The ALMOST PERFECT RECIPE for LUNCH & DINNER

What would you call a recipe which can be served to a non-vegetarian, eggetarian, vegetarian, and vegan?

It does not require any fancy equipment, is balanced with all the major macronutrients, effectively takes less time, it is easy to make, requires absolutely no oil for cooking can be made for both fat loss and muscle gain, I will show you how is delightful for the taste buds and yes it can be packed and carried along.

Yes, the perfect recipe, allright the almost perfect recipe.
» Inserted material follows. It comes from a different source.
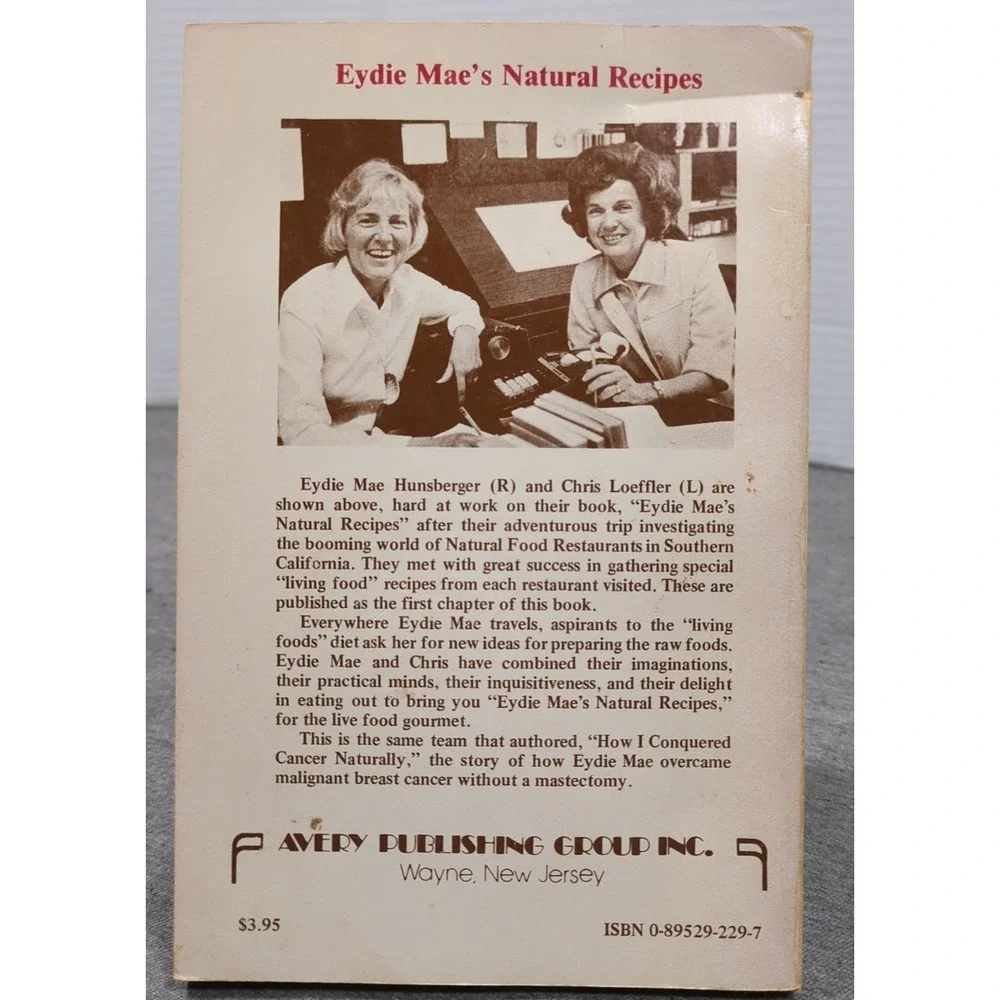 1978 Eydiemae's Natural Recipes‎ by Eydie Mae Hunsberger & Chris Loeffler
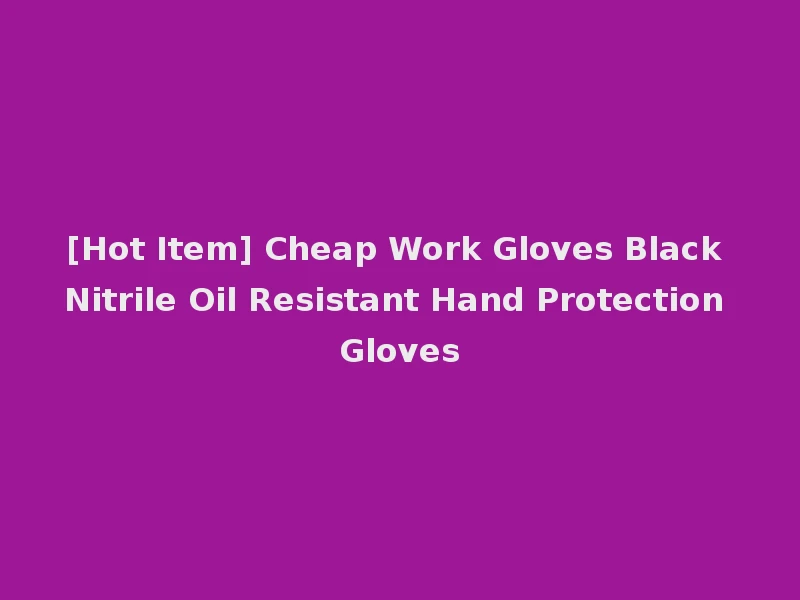 [Hot Item] Cheap Work Gloves Black Nitrile Oil Resistant Hand Protection Gloves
Today, we will make all four versions of it.

Almost Perfect Recipe

RECIPE: The Almost Perfect LUNCH & DINNER recipe

Almost Perfect lunch & dinner for vegetarian, non-vegetarian, eggetarian & Vegan
Course Main Course
Cuisine Indian
Servings 1 people

Equipment

  • Pressure Cooker

Ingredients
  

  • 1/2 cup Brown rice Soaked
  • 1/2 cup Black Beans Soaked Overnight
  • 1 glass Water
  • Salt
  • Black Pepper
  • Turmeric powder
  • Green Chillies
  • Jeera
  • Cinamon
  • Ginger-Garlic paste

For Non-Vegetarian

  • 120 gm Chicken Breast For Non-Vegetarian

For Vegetarian

  • 100 gm Mushroom
  • 100 gm Paneer Low-fat (Home made)

For Vegan

  • 100 gm Tofu

For Eggetarian

  • 6 Eggs 5 Egg Whites & 1 Whole Egg (For Eggetarian)

Notes

Put half cup brown rice in each bowl & half cup black beans in two bowls, to be kept soaked overnight.
However, it is okay to don’t soak it, it can be made instantaneously as well.
For non-vegetarian version: In a cooker add brown rice, a glass of water, about 120 grams of chicken breast, salt to taste, black pepper, turmeric, green chillies, jeera, cinnamon sticks and ginger-garlic paste.
For the eggetarian version: We will add brown rice, a glass of water, a mixture of five egg whites and one whole egg, mushrooms this is optional you can use some other vegetable as well, salt, black pepper, turmeric, ginger-garlic paste, and green chilli.
Now for vegetarian: We will add the soaked mixture of brown rice and black beans, a glass of water, hundred grams of low-fat paneer, salt, pepper, turmeric, cinnamon, jeera and green chilli.
Finally, for vegan version: We will again add the mixture of brown rice and black beans, a glass of water, salt pepper, turmeric, jeera, cinnamon, ginger garlic paste and 100 grams of tofu with green chilli.
SAME METHOD AFTERWARDS:
  • Now just put on the lid of the cooker, turn on the gas and let it simmer for about 15 to 20 minutes.
  • Once done, turn off the gas and you will see how perfectly they get cooked.
  • But, now comes the interesting part we will garnish them to enhance their flavour and nutrition.
  • Starting with non-veg version, add finely chopped onion, tomato, fresh coriander, lemon juice, a teaspoon of extra virgin olive oil and give it a good mix.
  • For the eggetarian version, add finely chopped onion, tomato, coriander lemon juice along with a teaspoon of tomato ketchup.
  • Similarly, for Veg & Vegan version add finely chopped onion, tomato, coriander, lemon juice and extra virgin olive oil. The toppings remain exactly the same for the vegan version as well.
  • All right, now put the lid on and let these toppings get some steam and that’s it.
Keyword dinner, lunch

Your highly nutritious and tasty lunch and dinner options are ready.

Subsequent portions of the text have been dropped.